Comparison of UV and high-energy ion irradiation of methanol:ammonia ice

TL;DR

This study compares the effects of high-energy ion and UV photon irradiation on methanol:ammonia ice, revealing similar chemical products and highlighting the dominant formation of CO in ion irradiation, which aids astrophysical ice chemistry modeling.

Contribution

It provides a direct comparison of ion and UV irradiation effects on astrophysical ice analogs using in situ spectroscopy, showing their similar chemical outcomes and simplifying space ice chemistry models.

Findings

Organic species are produced by both irradiation types.

CO formation is more prominent in ion irradiation.

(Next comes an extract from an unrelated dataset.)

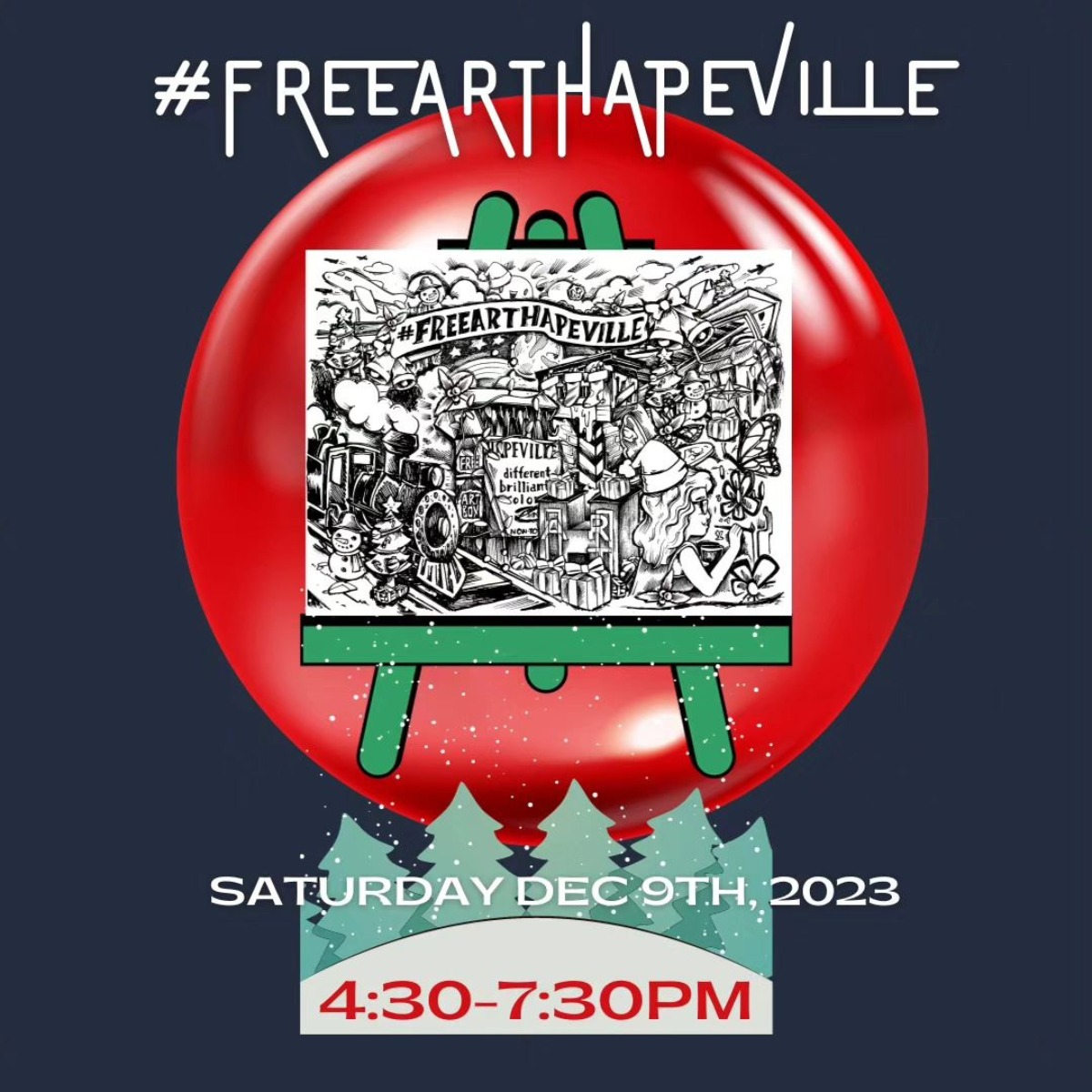 HapevilleDec9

Product formation depends weakly on irradiation type for some compositions.

Abstract

The main goal of this work is to compare the effects induced in ices of astrophysical relevance by high-energy ions, simulating cosmic rays, and by vacuum ultraviolet (UV) photons. This comparison relies on in situ infrared spectroscopy of irradiated CH3OH:NH3 ice. Swift heavy ions were provided by the GANIL accelerator. The source of UV was a microwave-stimulated hydrogen flow discharge lamp. The deposited energy doses were similar for ion beams and UV photons to allow a direct comparison. A variety of organic species was detected during irradiation and later during ice warm-up. These products are common to ion and UV irradiation for doses up to a few tens of eV per molecule. Only the relative abundance of the CO product, after ice irradiation, was clearly higher in the ion irradiation experiments. For some ice mixture compositions, the irradiation products formed depend only weakly on the type of irradiation, swift heavy ions, or UV photons. This simplifies the chemical modeling of energetic ice processing in space.